Copy exactly the lines starting at the one that contains "Salada Tradicional Grega" and running through the end of the material below. Exclude any pictures.

● **Material provided**

+===+

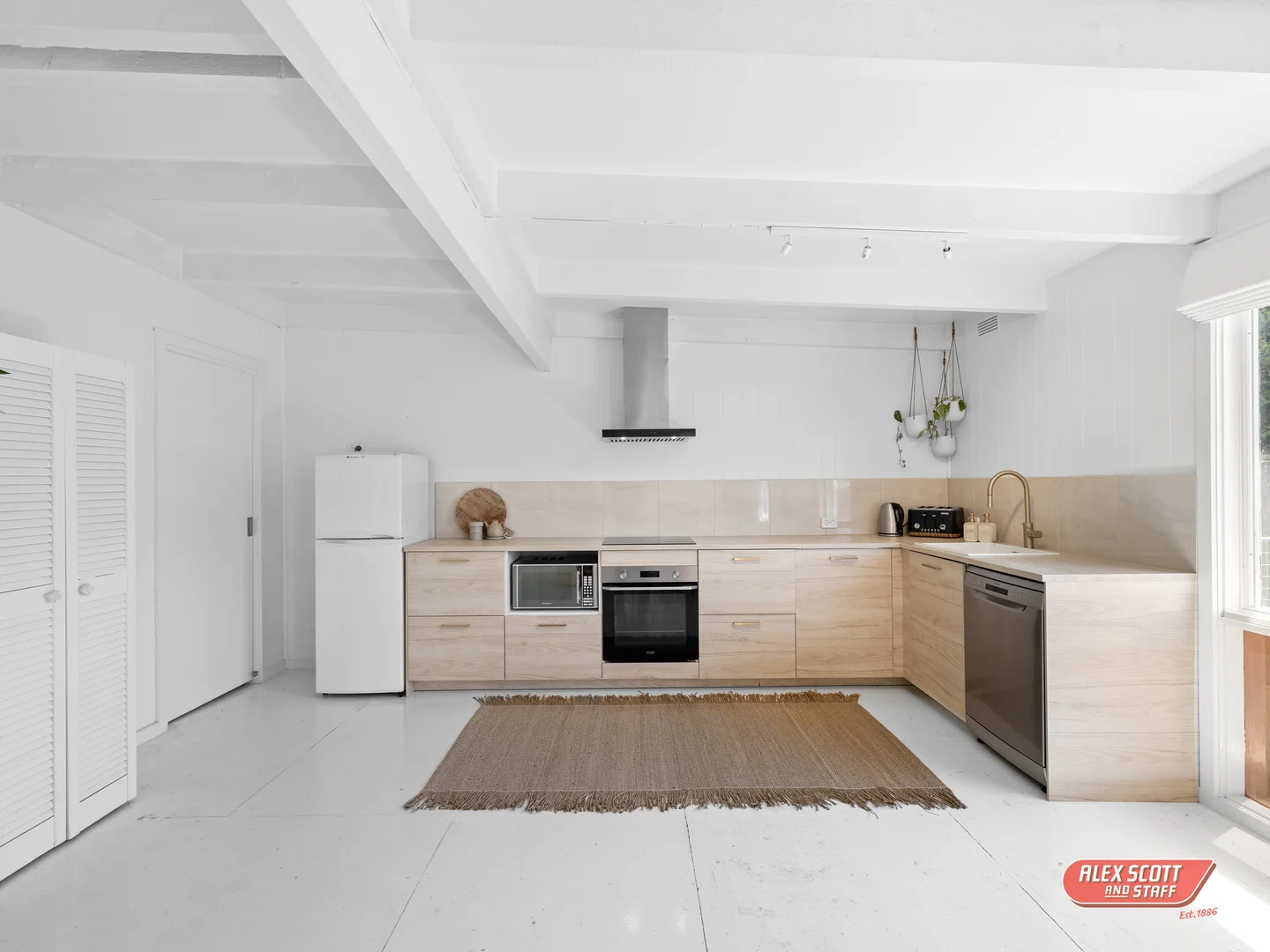 Additional image 5 of 2 Hollydene Court, Cowes VIC 3922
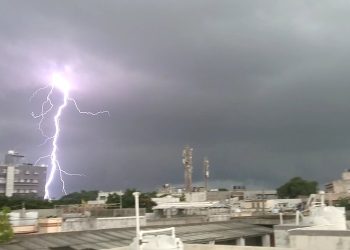 આકાશીય વીજળીથી બચવાના આ છે પગલાઓ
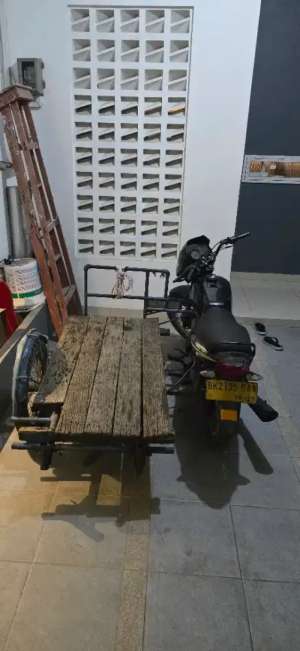 Jual bekas BECAK plat kuning, bagus MURAH,lokasi di Medan Tembung
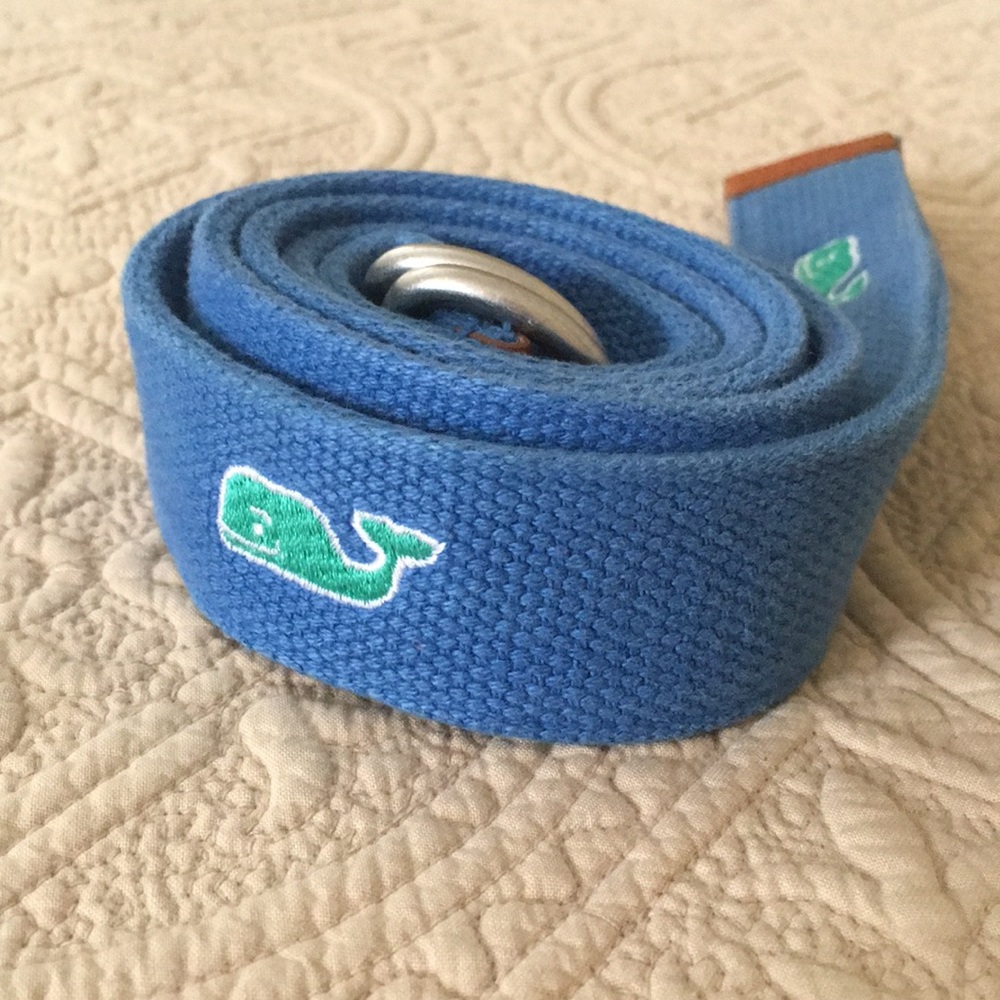 Vineyard Vines blue whale D- Ring belt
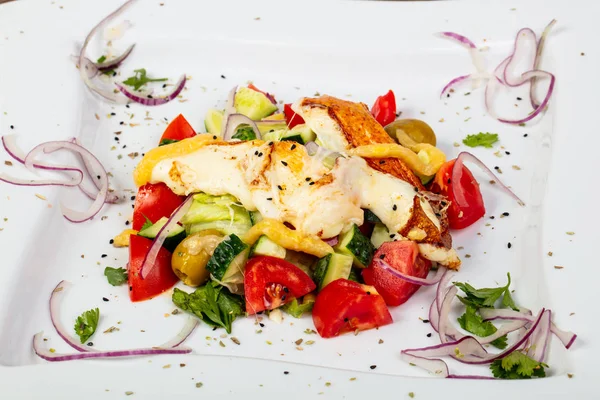 Salada Tradicional Grega Com Queijo Haloumi — Fotografia de Stock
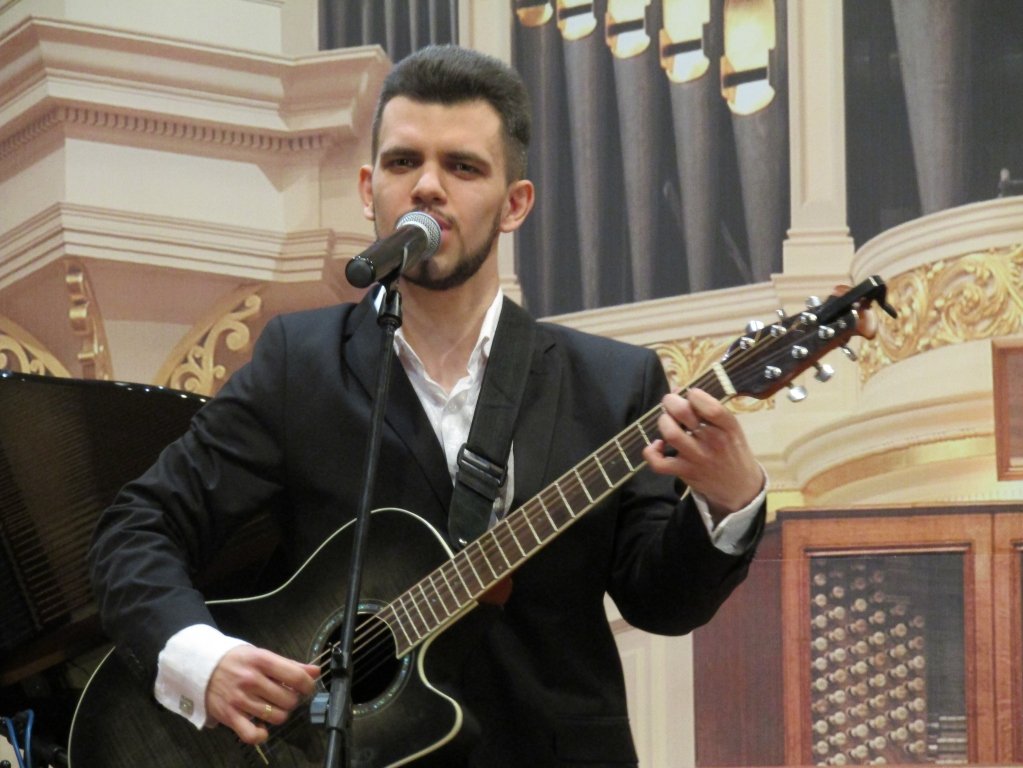 Встретим весну вместе. Концерт автора-исполнителя Михаила Албулова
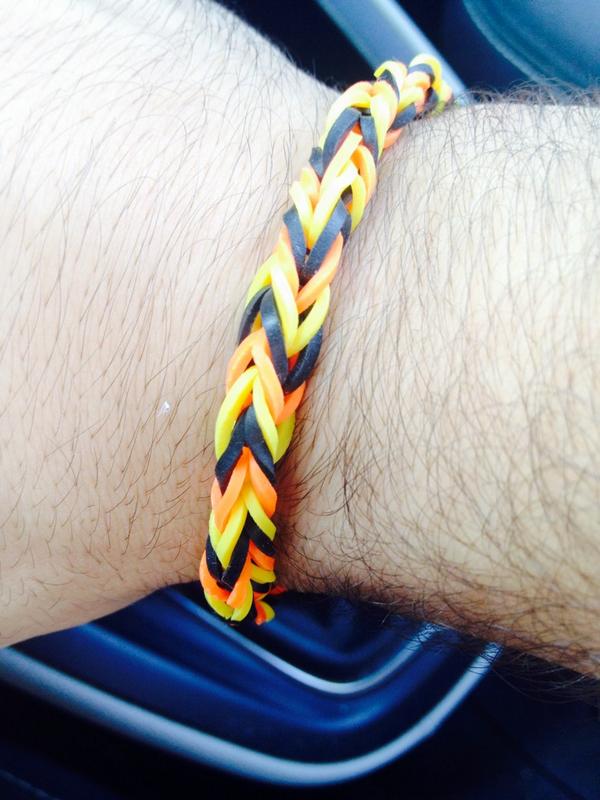 Fortina_7's tweet photo. Il bracciale che mi ha fatto @EricaFortina con i colori @KTM_Racing e @Antoniocairoli #222 #ktm #mxgp http://t.co/tvL706vdV1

+===+

● **Exercise answer**
 Salada Tradicional Grega Com Queijo Haloumi — Fotografia de Stock
 Встретим весну вместе. Концерт автора-исполнителя Михаила Албулова
 Fortina_7's tweet photo. Il bracciale che mi ha fatto @EricaFortina con i colori @KTM_Racing e @Antoniocairoli #222 #ktm #mxgp http://t.co/tvL706vdV1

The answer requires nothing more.